After registering approximately 4,000 Marylanders to vote, I can assure you that the average voter is not apathetic; however, the body politic is frustrated and angry. They know that the main objective of incumbents is re-election at all costs and at the expense of good government. The influence of lobbyists, the press and that of the political ''elite class'' far outweighs the influence of the average citizen.
While there are movements springing up throughout America advocating term limitation, another method would be the adoption of the ''open primary.''
Currently, 20 states out of 50 have an open primary. Secretary of State James Baker told me personally that the open primary in Texas definitely opened up the state to a two-party political system. The same is true in Virginia, which adopted an open primary system in the early '70s and is now a two-party state.

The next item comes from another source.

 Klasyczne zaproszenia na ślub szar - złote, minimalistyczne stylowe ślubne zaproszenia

An open primary differs from a closed primary in that: (1) a candidate may run in either party's primary with or without the party endorsement, (2) a voter is registered to vote with no party identification, and (3) a voter selects which party's primary he wishes to vote in at the polling place on Election Day -- not 30 days prior to the election. This method of candidate selection supports the voter's right of freedom of association, expression and choice on Election Day.
& Henry C. Marshall.
The writer is co-chairman of Marylanders for an Open Primary (MOP).
Enemy Is Us
Editor: As an American of African ancestry, I am outraged that so-called leaders, mostly unelected, would oppose the nomination [to the Supreme Court] of Judge Clarence Thomas, a member of our community.

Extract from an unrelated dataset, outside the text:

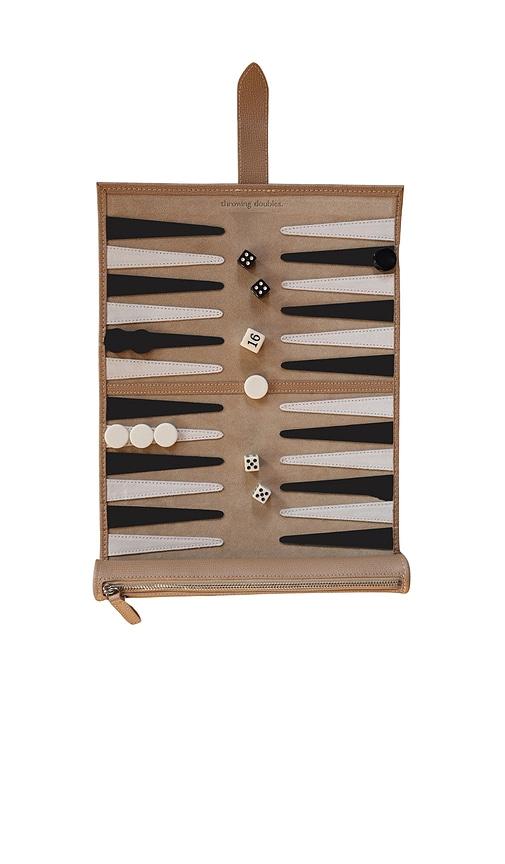 Throwing Doubles Manhattan Travel Backgammon Board in Beige by THROWING DOUBLES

Also, it is despicable that the so-called black caucus, of which my representative in the U.S. House of Representatives, Kweisi Mfume, is a member, would deny this gentleman a chance to be heard in the confirmation process before passing judgment. President Bush is not going to pick a liberal. This should be apparent to anyone. But the leaders seem to be saying, "We would rather have a conservative from another ethnic group who may be more conservative than one of our own who knows the horrors, bias, prejudice and discrimination."
Could one believe that a Jewish, Italian, Catholic, etc. would be opposed by members of those respective groups? In the words of Pogo, "We have met the enemy and he is us."
' Stanley M. Jackson. Baltimore.
Editor: Michael Olesker has hit upon the solution to a continuing problem: what to call the New Community College of Baltimore?
In his July 16 column, Mr. Olesker said that it was more appropriate to name a new college after Justice Thurgood Marshall than a new stadium. I agree.
S.B. 381, the statute creating NCCB, requires the college's board to recommend a new name for the school to the General Assembly. What better name than Thurgood Marshall? Using his name would honor both Mr. Marshall and the college.